**Task directions**
Transcribe exactly, and only, the lines running from the one with "Black Colour Kjole Zendaya Plum Flower" to the end of the entries below, both included, without any pictures.

Data extracted from a collection
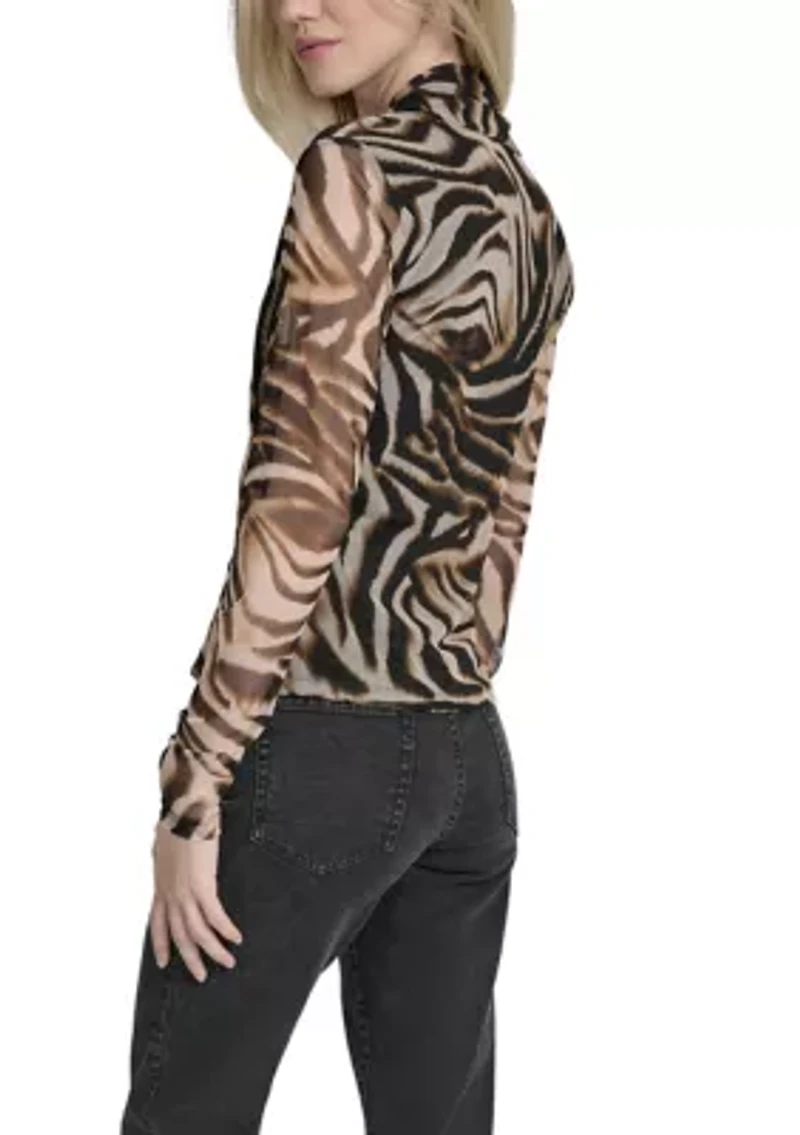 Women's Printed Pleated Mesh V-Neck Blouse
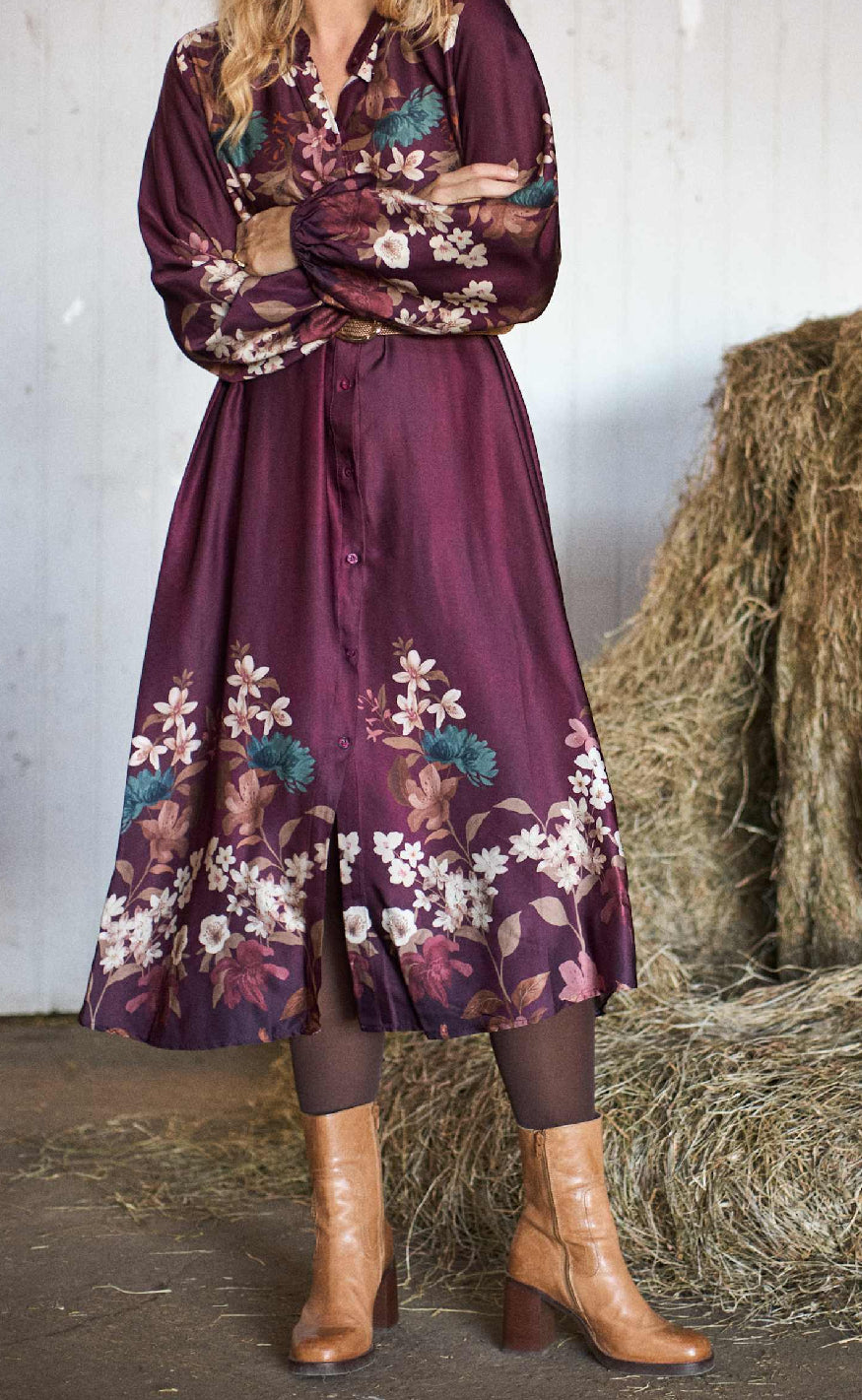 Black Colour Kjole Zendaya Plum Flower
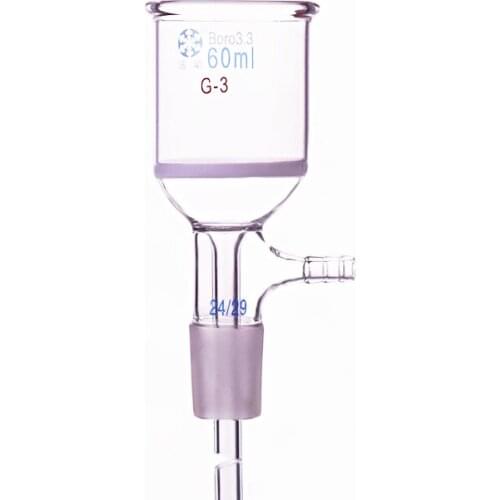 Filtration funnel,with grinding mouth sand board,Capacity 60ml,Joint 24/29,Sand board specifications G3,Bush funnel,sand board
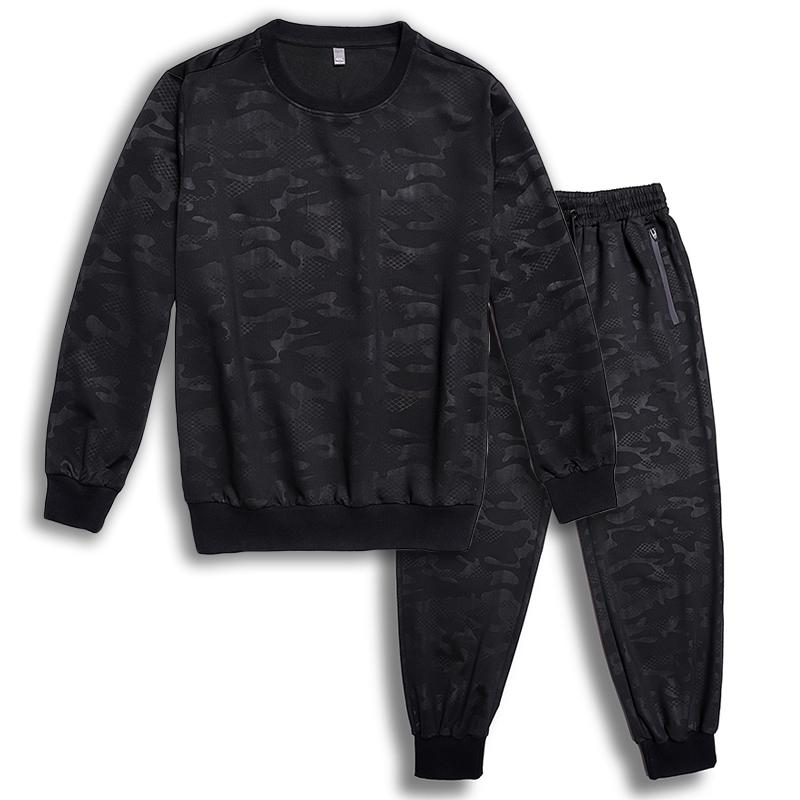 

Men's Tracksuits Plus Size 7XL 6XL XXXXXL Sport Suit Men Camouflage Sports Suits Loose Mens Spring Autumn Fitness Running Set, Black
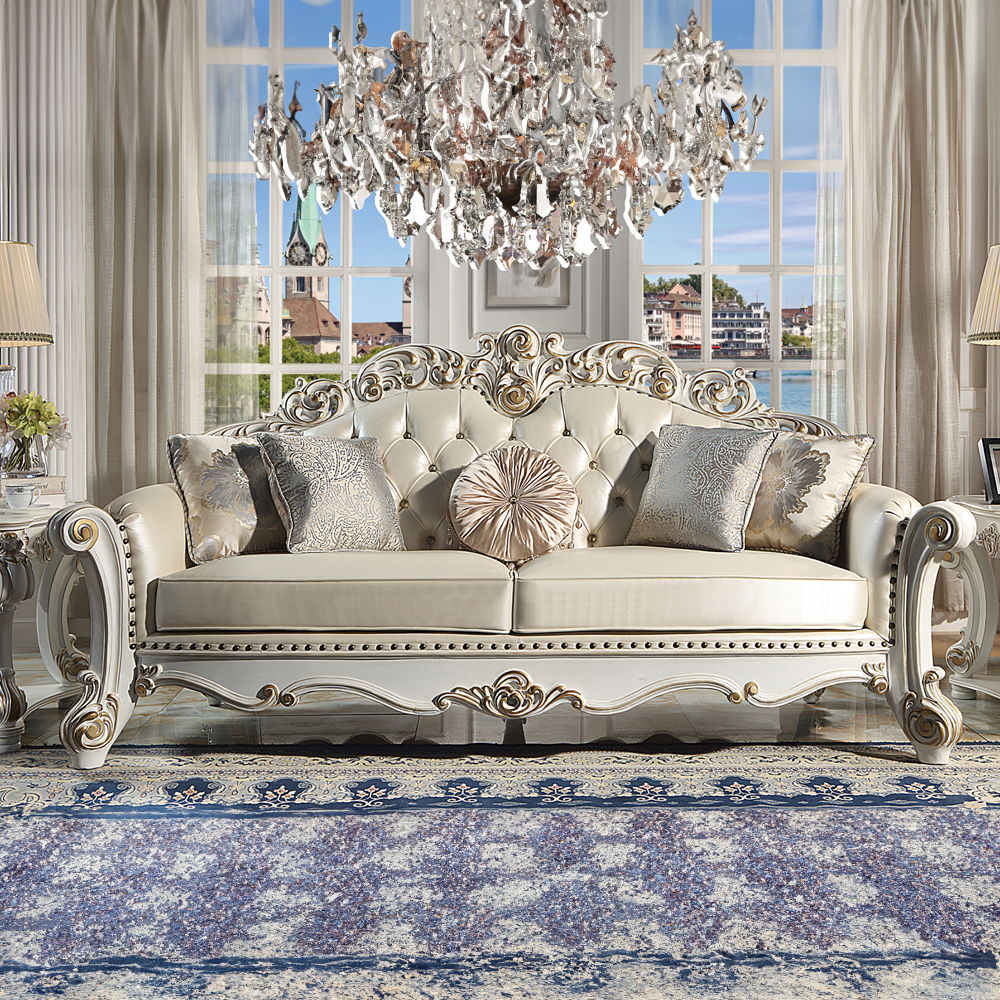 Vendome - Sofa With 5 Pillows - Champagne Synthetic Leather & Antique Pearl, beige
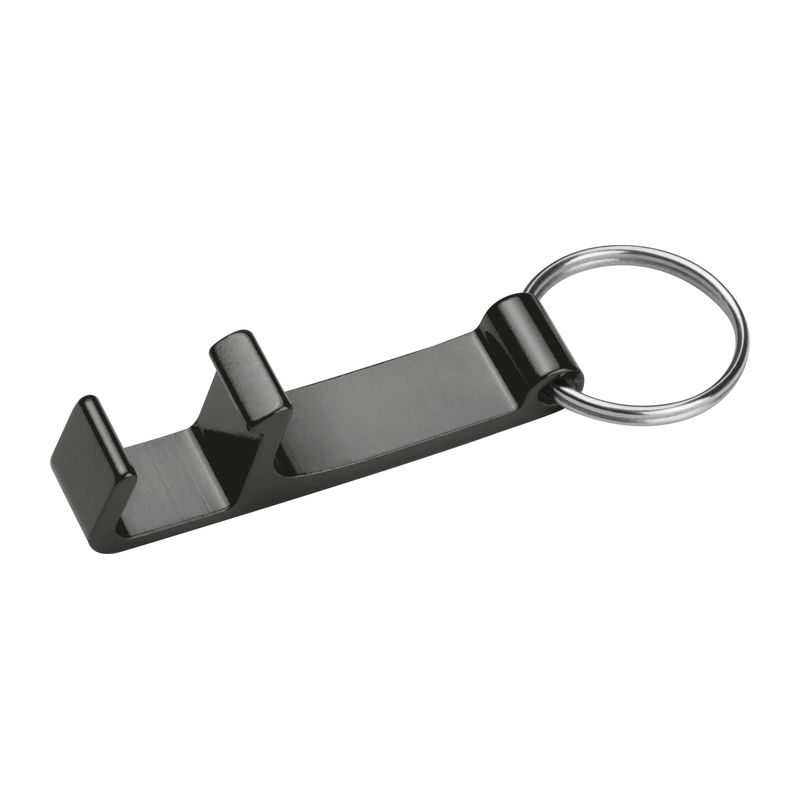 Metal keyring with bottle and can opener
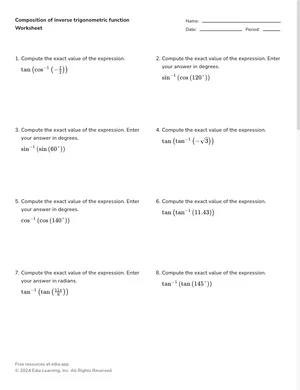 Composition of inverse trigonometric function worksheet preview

**Task output**
 Black Colour Kjole Zendaya Plum Flower
 Filtration funnel,with grinding mouth sand board,Capacity 60ml,Joint 24/29,Sand board specifications G3,Bush funnel,sand board

Men's Tracksuits Plus Size 7XL 6XL XXXXXL Sport Suit Men Camouflage Sports Suits Loose Mens Spring Autumn Fitness Running Set, Black
 Vendome - Sofa With 5 Pillows - Champagne Synthetic Leather & Antique Pearl, beige
 Metal keyring with bottle and can opener
 Composition of inverse trigonometric function worksheet preview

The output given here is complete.